The tasks.cfg allows specifying a "CRONDATE" so you don't need to use Linux
cron, and it's probably better to keep it all within Xymon.
▸ quoted from Usa Ims
I would like to be alerted only once but the test to run every hour until
recovered.
So normally you want the test to run once only at 2:15am. But if it's in a
failed state, you want the test re-run every hour.
This is also what happens with the network tests, where the
xymonnet-again.sh script looks for failed network tests and re-runs them
every minute rather than the normal 5-minute interval. You can't make use
of the xymonnet-again.sh script because it only works with the standard
network tests (it simply runs xymonnet specifying the tests to repeat).
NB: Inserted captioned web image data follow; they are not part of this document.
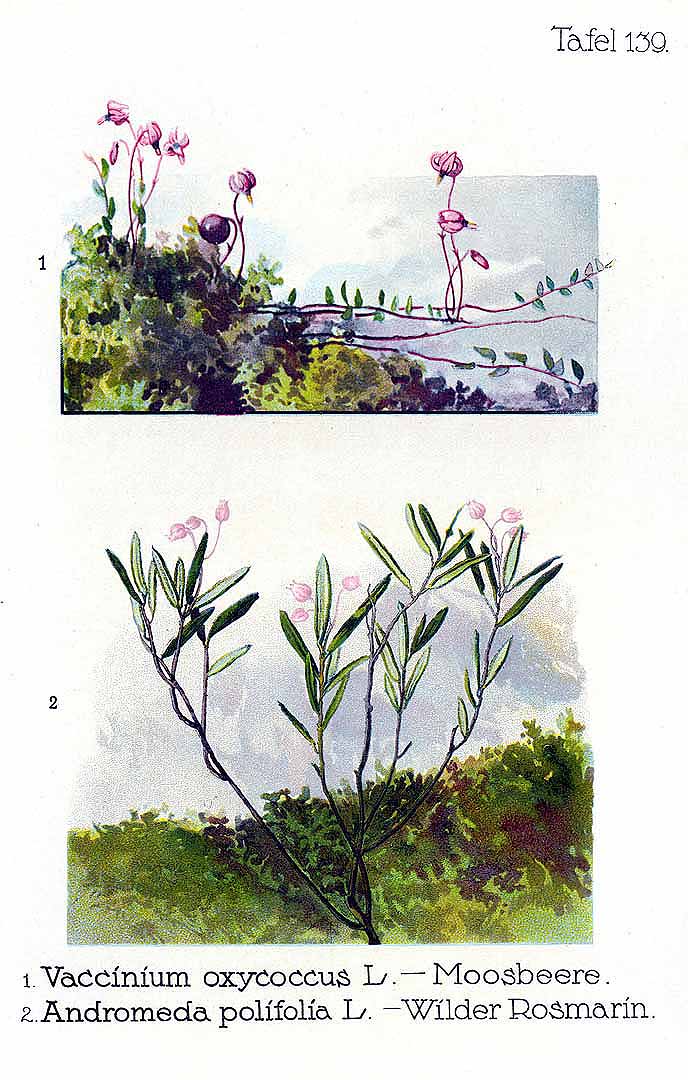no HD illustration available (m5)
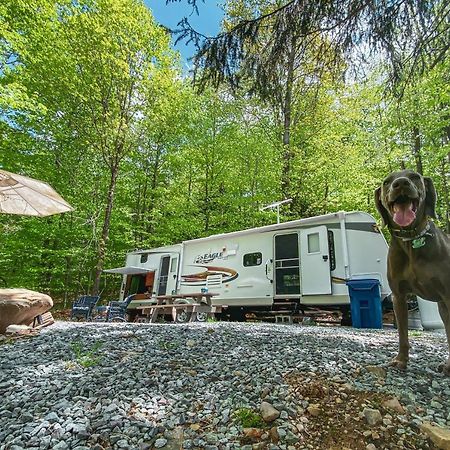 فندق Rv Adventure Roscoe Pet Friendly المظهر الخارجي الصورة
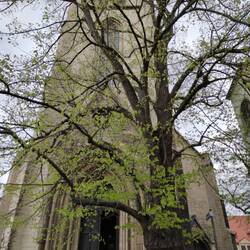 Stadtkirche
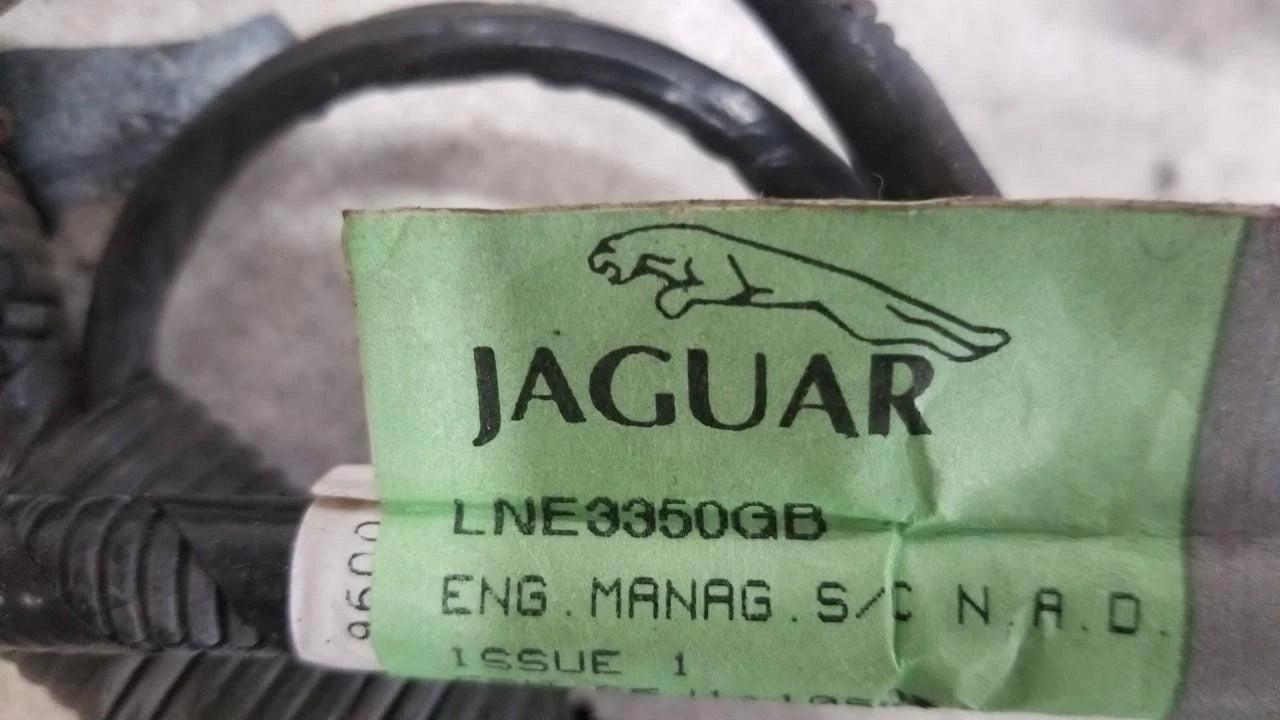 Engine Bay Management Harness LNE3350GB for Jaguar XJR (1999)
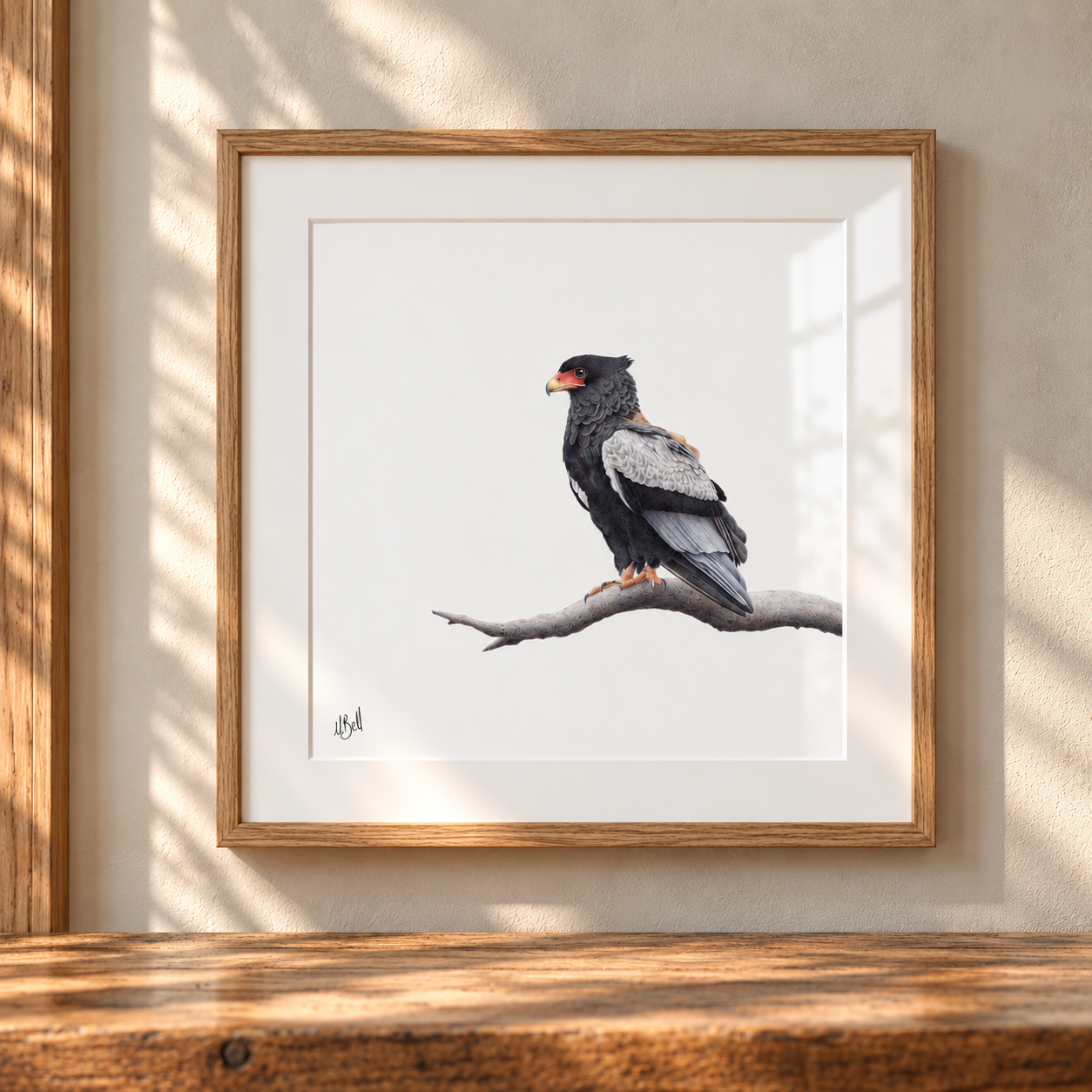 Bateleur - BAT3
But you could use the same idea.
▸ quoted from Usa Ims
In the clientlaunch.cfg of the xymon/hobbit client, I’m going to put 15m,
am I correct?
Why 15 minutes? Did you mean 60 minutes?
[xxxxx]
ENVFILE $HOBBITCLIENTHOME/etc/hobbitclient.cfg
CMD $HOBBITCLIENTHOME/ext/xxxxx.pl
LOGFILE $HOBBITCLIENTHOME/logs/xxxxx.log
INTERVAL 60m
Here you could put (instead of INTERVAL) something like:
CRONDATE 15 2 * * *
to run at 2:15 every morning.
▸ quoted from Usa Ims
And in the script I’m going to put ‘status+24h’ so that it will not turn
purple.
Yep.
▸ quoted from Usa Ims
In the alerts.cfg, I have the following:
HOST=xxxxx
SCRIPT /etc/xymon/xxxxx-emails-geoxx.sh SERVICE=xxxxx COLOR=yellow
REPEAT=24h FORMAT=SCRIPT RECOVERED
Yep, so this will run the script (I'm guessing) to send an email when the
service fails and when it is restored.
What you could do is add another line to alerts.cfg to re-run your original
monitoring script for the test, but only when the test is failing.
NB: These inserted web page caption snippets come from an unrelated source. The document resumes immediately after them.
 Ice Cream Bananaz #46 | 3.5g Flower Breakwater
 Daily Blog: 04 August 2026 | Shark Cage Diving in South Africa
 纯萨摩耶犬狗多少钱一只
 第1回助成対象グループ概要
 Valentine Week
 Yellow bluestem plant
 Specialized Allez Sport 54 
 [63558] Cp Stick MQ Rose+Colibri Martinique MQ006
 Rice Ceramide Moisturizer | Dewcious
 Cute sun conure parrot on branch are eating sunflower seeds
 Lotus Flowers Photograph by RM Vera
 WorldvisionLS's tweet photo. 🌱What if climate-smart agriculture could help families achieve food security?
Something like this (notice that I put the SERVICE on the first line so
that it applies to both SCRIPT lines):
HOST=xxxxx SERVICE=xxxxx
SCRIPT /etc/xymon/xxxxx-emails-geoxx.sh SERVICE=xxxxx
COLOR=yellow REPEAT=24h FORMAT=SCRIPT RECOVERED
SCRIPT $HOBBITCLIENTHOME/ext/xxxxx.pl "&host&" FORMAT=SCRIPT
DURATION>5m DURATION<16h REPEAT=1h
So the second line will mean that an error condition will cause a re-test,
and when the error condition stops, the re-test will also stop. Some
important things to note here are:
a) If the script that does the checks (xxxxx.pl) operates on several hosts,
then it should take as its parameter, the name of a host to limit its
checks on. Otherwise when one host fails, all of them would be re-tested.
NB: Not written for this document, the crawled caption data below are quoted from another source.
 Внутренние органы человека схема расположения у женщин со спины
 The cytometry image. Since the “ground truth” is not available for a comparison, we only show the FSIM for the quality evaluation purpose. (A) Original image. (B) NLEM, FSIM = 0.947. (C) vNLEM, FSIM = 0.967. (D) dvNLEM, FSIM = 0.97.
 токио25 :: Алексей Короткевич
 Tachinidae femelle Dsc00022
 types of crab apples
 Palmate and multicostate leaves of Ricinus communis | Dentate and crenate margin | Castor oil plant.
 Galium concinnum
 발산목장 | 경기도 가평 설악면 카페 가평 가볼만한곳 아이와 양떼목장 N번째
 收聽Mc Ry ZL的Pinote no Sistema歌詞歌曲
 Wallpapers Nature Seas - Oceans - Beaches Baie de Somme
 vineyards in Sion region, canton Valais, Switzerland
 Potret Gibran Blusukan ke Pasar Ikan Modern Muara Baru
b) The "DURATION" specification means that the re-test won't happen
immediately on failure, but will wait for the REPEAT interval of 1h.
There's no point re-testing within 3 seconds of the first test failing.
c) I've set the maximum DURATION to 16 hours because if you haven't fixed
the problem by 6pm it probably won't get done until the next day. Adjust
this as you see fit, but probably not worth having it more than 24h.
J